Work to complete:
Each line from the beginning of the entries below through the line that includes "Couverture pour bébé" must be returned exactly as given.

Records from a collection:
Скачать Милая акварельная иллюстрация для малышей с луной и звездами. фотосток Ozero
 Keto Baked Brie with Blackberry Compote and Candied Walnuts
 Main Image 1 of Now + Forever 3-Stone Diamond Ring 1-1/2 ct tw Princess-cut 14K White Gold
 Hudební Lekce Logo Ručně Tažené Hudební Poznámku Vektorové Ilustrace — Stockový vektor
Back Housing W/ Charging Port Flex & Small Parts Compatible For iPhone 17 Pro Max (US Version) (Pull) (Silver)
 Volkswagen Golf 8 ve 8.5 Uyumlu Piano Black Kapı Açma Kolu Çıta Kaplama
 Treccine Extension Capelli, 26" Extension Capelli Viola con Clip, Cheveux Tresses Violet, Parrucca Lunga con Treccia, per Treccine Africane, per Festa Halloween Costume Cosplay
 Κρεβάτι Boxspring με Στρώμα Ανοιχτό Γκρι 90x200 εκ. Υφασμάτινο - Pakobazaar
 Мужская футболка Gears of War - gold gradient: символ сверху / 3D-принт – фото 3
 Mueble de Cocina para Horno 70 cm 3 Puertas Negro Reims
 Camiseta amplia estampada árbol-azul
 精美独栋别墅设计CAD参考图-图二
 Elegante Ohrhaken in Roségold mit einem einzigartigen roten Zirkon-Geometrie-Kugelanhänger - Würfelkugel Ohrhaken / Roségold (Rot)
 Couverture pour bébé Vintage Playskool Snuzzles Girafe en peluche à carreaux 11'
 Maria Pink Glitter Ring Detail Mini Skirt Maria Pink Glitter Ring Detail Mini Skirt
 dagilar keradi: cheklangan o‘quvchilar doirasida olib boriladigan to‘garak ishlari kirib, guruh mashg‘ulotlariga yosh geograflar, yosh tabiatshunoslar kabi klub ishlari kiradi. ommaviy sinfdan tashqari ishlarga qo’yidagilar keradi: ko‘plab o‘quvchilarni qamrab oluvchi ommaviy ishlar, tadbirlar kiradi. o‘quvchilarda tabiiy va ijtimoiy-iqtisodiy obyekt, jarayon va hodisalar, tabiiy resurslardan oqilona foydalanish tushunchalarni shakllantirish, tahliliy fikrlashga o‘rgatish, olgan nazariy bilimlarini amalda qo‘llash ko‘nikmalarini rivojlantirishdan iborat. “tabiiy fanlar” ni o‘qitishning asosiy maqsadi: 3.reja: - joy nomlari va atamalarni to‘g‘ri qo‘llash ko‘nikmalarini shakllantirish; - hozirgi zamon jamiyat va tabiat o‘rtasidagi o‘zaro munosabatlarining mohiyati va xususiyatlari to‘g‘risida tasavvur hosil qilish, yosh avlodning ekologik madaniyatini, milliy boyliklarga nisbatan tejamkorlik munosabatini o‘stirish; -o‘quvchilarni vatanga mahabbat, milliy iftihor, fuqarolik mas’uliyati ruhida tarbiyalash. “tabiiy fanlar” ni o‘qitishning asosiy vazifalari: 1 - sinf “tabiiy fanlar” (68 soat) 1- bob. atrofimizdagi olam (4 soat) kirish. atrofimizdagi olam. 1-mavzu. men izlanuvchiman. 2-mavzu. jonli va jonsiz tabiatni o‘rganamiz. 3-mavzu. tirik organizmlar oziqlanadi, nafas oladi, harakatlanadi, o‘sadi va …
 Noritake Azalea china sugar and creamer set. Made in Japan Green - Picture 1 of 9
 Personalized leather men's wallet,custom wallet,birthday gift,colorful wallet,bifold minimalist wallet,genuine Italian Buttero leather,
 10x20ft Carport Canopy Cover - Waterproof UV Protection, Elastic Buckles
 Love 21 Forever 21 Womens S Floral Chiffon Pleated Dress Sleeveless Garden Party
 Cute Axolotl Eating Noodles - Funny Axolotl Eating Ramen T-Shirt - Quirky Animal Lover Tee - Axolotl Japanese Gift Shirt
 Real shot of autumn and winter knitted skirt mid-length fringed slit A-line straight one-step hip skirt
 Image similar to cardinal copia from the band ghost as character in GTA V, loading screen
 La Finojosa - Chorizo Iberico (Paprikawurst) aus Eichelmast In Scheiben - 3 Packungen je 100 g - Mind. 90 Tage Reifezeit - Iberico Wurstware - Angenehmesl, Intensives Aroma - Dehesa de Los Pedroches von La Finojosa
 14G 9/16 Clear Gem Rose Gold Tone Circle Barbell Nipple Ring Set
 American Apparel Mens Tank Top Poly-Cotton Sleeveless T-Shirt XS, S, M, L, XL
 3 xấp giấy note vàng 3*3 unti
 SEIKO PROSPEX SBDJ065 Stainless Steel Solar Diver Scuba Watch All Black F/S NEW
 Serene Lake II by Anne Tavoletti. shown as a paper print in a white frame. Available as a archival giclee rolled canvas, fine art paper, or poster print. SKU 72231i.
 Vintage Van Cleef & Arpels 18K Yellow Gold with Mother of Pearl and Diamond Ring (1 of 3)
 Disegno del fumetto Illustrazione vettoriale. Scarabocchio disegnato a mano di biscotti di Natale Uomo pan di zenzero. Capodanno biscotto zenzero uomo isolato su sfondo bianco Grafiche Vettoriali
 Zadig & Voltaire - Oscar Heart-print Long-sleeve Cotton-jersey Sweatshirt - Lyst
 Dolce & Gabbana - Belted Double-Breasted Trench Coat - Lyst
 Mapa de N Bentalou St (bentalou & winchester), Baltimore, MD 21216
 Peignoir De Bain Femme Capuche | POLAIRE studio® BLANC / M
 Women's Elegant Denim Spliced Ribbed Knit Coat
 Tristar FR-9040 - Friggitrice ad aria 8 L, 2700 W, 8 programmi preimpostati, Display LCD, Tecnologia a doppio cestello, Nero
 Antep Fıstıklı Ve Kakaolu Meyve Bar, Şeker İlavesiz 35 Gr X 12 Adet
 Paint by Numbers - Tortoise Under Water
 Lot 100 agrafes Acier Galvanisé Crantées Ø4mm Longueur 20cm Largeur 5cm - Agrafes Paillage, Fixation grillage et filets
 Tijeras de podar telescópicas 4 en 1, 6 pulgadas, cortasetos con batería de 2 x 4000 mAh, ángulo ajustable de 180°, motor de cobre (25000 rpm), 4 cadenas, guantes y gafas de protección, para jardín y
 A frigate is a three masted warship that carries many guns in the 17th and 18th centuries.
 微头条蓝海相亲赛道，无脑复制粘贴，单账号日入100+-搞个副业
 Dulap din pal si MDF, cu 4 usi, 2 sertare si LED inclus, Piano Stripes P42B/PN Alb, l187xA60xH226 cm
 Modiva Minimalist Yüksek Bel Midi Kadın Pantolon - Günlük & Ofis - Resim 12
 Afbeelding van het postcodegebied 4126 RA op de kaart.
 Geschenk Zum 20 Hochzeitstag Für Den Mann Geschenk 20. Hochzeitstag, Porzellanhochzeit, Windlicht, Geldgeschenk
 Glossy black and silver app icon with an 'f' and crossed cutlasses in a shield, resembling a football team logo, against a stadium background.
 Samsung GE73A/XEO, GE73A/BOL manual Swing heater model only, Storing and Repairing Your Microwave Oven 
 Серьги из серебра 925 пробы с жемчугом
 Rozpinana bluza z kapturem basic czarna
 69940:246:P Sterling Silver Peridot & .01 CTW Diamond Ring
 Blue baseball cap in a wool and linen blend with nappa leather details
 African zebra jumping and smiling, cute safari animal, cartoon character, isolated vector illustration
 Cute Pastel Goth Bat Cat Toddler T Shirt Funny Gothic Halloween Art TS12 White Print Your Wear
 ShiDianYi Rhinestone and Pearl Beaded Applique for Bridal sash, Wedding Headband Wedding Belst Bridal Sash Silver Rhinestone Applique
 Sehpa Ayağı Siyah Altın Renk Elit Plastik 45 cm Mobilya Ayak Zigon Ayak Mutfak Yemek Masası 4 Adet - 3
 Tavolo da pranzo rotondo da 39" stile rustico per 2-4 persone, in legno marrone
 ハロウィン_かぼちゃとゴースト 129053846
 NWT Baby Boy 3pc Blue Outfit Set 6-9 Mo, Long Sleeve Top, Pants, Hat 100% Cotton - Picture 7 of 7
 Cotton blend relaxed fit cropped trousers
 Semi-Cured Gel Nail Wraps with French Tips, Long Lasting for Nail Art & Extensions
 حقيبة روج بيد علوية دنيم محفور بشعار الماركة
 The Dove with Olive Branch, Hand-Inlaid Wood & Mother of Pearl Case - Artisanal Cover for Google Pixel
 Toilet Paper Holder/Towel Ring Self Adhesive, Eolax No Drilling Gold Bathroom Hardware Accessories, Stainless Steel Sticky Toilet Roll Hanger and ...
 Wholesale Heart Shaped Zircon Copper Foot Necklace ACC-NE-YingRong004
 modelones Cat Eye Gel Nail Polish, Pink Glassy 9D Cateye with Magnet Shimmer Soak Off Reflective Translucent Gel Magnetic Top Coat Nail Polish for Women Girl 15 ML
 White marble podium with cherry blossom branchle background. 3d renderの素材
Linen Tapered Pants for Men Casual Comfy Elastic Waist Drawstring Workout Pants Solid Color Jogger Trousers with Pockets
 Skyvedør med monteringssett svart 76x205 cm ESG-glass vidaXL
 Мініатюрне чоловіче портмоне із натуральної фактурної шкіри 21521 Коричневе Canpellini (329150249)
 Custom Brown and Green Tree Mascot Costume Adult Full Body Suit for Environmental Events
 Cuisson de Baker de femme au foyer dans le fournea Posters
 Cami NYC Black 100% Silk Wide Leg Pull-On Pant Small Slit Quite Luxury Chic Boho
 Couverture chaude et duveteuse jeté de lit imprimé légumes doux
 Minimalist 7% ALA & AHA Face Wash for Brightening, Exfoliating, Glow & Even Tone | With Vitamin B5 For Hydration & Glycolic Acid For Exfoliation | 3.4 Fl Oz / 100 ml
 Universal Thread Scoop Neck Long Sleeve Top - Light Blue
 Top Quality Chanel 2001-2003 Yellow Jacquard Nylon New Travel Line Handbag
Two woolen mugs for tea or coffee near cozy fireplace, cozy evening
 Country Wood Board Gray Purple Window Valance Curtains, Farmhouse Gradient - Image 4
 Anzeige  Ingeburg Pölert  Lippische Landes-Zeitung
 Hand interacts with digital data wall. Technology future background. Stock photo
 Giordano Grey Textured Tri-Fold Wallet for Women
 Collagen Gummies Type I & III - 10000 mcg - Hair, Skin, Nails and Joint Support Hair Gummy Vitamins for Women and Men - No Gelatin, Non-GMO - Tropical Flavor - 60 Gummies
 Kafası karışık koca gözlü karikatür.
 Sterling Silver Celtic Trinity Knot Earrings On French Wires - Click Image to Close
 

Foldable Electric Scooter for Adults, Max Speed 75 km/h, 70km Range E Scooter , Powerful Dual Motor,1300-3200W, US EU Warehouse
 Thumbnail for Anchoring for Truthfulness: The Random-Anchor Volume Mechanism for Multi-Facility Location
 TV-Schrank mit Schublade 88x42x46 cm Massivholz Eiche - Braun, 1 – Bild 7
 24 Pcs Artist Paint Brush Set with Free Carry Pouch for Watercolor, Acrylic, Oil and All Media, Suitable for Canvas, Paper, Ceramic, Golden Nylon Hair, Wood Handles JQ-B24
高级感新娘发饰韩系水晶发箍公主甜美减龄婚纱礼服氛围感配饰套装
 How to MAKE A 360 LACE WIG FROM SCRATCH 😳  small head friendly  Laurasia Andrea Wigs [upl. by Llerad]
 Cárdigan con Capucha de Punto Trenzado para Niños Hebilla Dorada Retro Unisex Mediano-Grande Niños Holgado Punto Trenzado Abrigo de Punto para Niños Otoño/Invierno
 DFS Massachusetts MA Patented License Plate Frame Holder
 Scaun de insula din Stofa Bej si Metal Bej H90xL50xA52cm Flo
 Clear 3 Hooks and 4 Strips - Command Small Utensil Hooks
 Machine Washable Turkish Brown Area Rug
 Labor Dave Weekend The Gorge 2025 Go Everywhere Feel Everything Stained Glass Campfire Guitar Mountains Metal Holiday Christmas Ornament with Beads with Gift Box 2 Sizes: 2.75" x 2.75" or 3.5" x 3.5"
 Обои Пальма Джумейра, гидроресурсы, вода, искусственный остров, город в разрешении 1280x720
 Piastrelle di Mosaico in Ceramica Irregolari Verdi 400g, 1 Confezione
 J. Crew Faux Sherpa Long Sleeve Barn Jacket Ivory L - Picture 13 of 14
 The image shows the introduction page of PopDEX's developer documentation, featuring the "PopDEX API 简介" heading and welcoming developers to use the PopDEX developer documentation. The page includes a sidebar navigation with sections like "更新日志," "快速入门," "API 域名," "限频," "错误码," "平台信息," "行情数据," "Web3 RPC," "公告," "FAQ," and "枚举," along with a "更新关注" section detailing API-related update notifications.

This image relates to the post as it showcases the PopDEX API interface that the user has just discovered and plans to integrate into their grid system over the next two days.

Answer to this task:
Скачать Милая акварельная иллюстрация для малышей с луной и звездами. фотосток Ozero
 Keto Baked Brie with Blackberry Compote and Candied Walnuts
 Main Image 1 of Now + Forever 3-Stone Diamond Ring 1-1/2 ct tw Princess-cut 14K White Gold
 Hudební Lekce Logo Ručně Tažené Hudební Poznámku Vektorové Ilustrace — Stockový vektor
Back Housing W/ Charging Port Flex & Small Parts Compatible For iPhone 17 Pro Max (US Version) (Pull) (Silver)
 Volkswagen Golf 8 ve 8.5 Uyumlu Piano Black Kapı Açma Kolu Çıta Kaplama
 Treccine Extension Capelli, 26" Extension Capelli Viola con Clip, Cheveux Tresses Violet, Parrucca Lunga con Treccia, per Treccine Africane, per Festa Halloween Costume Cosplay
 Κρεβάτι Boxspring με Στρώμα Ανοιχτό Γκρι 90x200 εκ. Υφασμάτινο - Pakobazaar
 Мужская футболка Gears of War - gold gradient: символ сверху / 3D-принт – фото 3
 Mueble de Cocina para Horno 70 cm 3 Puertas Negro Reims
 Camiseta amplia estampada árbol-azul
 精美独栋别墅设计CAD参考图-图二
 Elegante Ohrhaken in Roségold mit einem einzigartigen roten Zirkon-Geometrie-Kugelanhänger - Würfelkugel Ohrhaken / Roségold (Rot)
 Couverture pour bébé Vintage Playskool Snuzzles Girafe en peluche à carreaux 11'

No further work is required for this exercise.